- Born: July 10, 1959 (age 67) Etobicoke, Ontario
- Genre: Jazz
- Occupations: Musician, composer, educator
- Instrument: Guitar
- Label: Cellar Live
- Website: www.billcoon.com

= Bill Coon =

Canadian composer and guitarist

Bill Coon is a Canadian jazz musician and composer. He is a Juno nominated artist and the winner of the 2009 National Jazz Awards, ‘Guitarist of the Year’. He is known for performing artists such as Miles Black and Jodi Proznick (as Triology), Lonnie Smith, Brad Turner, Peter Bernstein, Bucky Pizzarelli, Ian McDougall, P. J. Perry, Sheila Jordan, Phil Dwyer, Peter Washington, and Oliver Gannon. His compositions and arrangements have been commissioned by large ensembles such as the CBC Radio Orchestra, John Korsrud's Hard Rubber Orchestra, and the Dal Richards Orchestra. He graduated from Concordia University with a Bachelors of Fine Arts in Jazz Studies in 1988, and a Masters of Education from Simon Fraser University in 2012.

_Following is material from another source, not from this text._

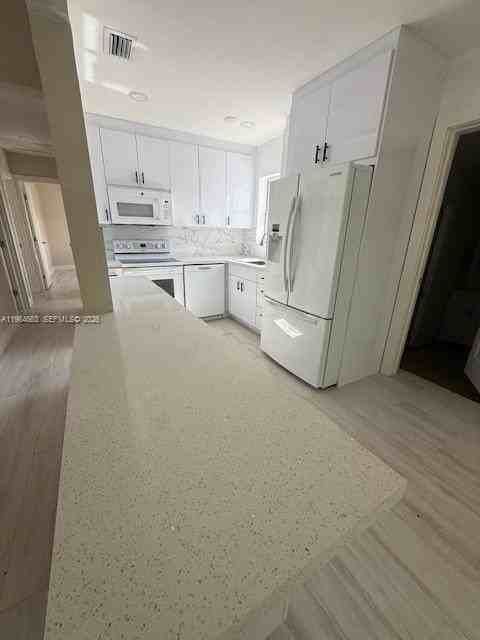 4600 Sw 33rd Dr #4600 - Photo 6 of 16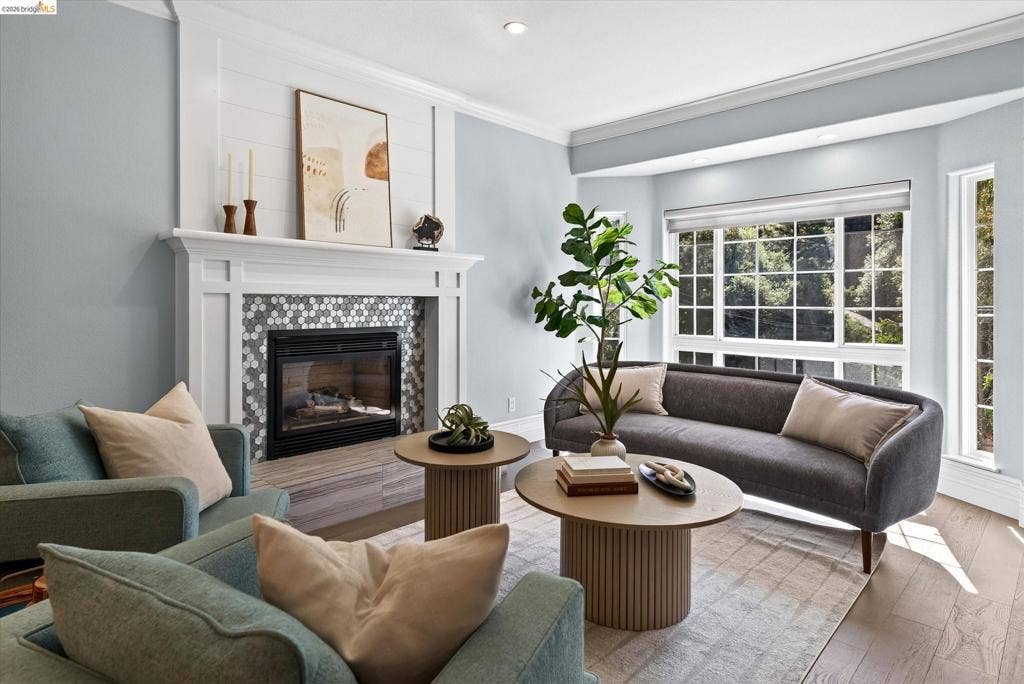6700 Moore Dr, Oakland, CA 94611 6700 Moore Dr, Oakland, CA 94611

A recipient of multiple Canada Council for the Arts awards, he has studied with Jim Hall, Neil Chotem, and Louis Stewart.

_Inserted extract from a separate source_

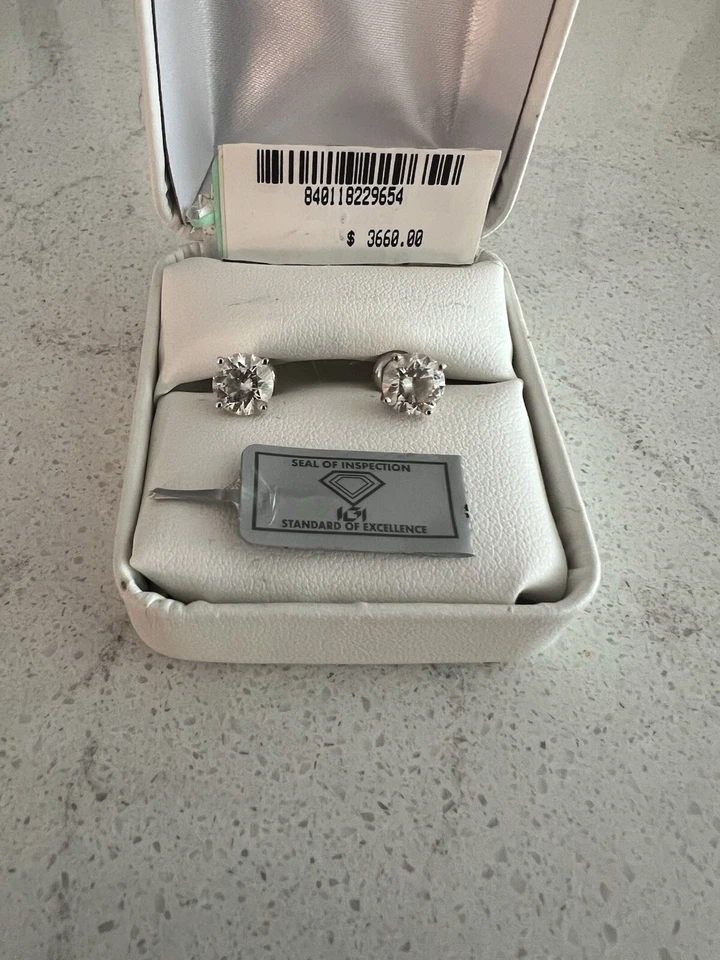 Pompeii3 T.W. Diamond Natural 14k White Gold Studs Women's Earrings ER3150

He was a faculty member at Capilano University, before he retired in 2025 and currently teaches at the Vancouver Symphony Orchestra School of Music.

Coon is married to band leader and former trombonist Jill Townsend.

==Discography==
- "Speakeasy" (2003) - Bill Coon Trio
- "Two Much Guitar" (2006) - Bill Coon / Oliver Gannon
- "With Benefits" (2013) - Cory Weeds / Bill Coon Quartet
- "Triology" (2014) - Triology (with Jodi Proznick and Miles Black)
- "Two Much More!" (2015) - Oliver Gannon / Bill Coon
- "Legacy, The Music Of Ross Taggart" (2015) - Jill Townsend Big Band
- "StringSongs" (2022) - Laura Crema / Bill Coon
- "Standard Elegance" (2025)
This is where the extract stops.